When Bobbi started out as a makeup artist in the '80s, the trendy beauty look was over the top (as we all know from dressing up for one too many lazy Halloweens as "a person from the '80s"). It involved as many colors as possible, intense rouging of the cheeks, and bright lipsticks — a lot of fuchsia and coral. Bobbi was not a fan of that excessive look, so she simply did not indulge in it. Instead, she stuck to her ideal of unadorned beauty and found success — see Naomi Campbell's first-ever American Vogue cover, for which Bobbi did the makeup. She also started working with the photographer Brigitte Lacombe, who is known for portraits that capture subjects in natural light. By the '90s, the artificial look went out of style, and a more stripped-back, bare version of beauty emerged, just in time for Bobbi to turn her aesthetic into a full-fledged business.
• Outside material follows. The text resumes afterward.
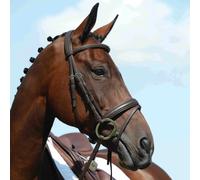 Collegiate Syntovi Padded Raised Flash Black Bridle - Pony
But the most important thing about Bobbi's vision of beauty is that it is not defined by white, blue-eyed, blonde models. She did not see herself reflected in them when she was young, and when it was time to develop her makeup line, she was one of the first to go beyond "beige," "peach," and "tan" colors, offering alternatives for Asian and black skin tones. We spoke with Bobbi over the phone about tequila, making mistakes, and how turning down a dream job opened up the opportunity for her empire.
Laia Garcia: You're celebrating your company's 25th anniversary this year. What do you think has changed the most in the beauty industry since you launched?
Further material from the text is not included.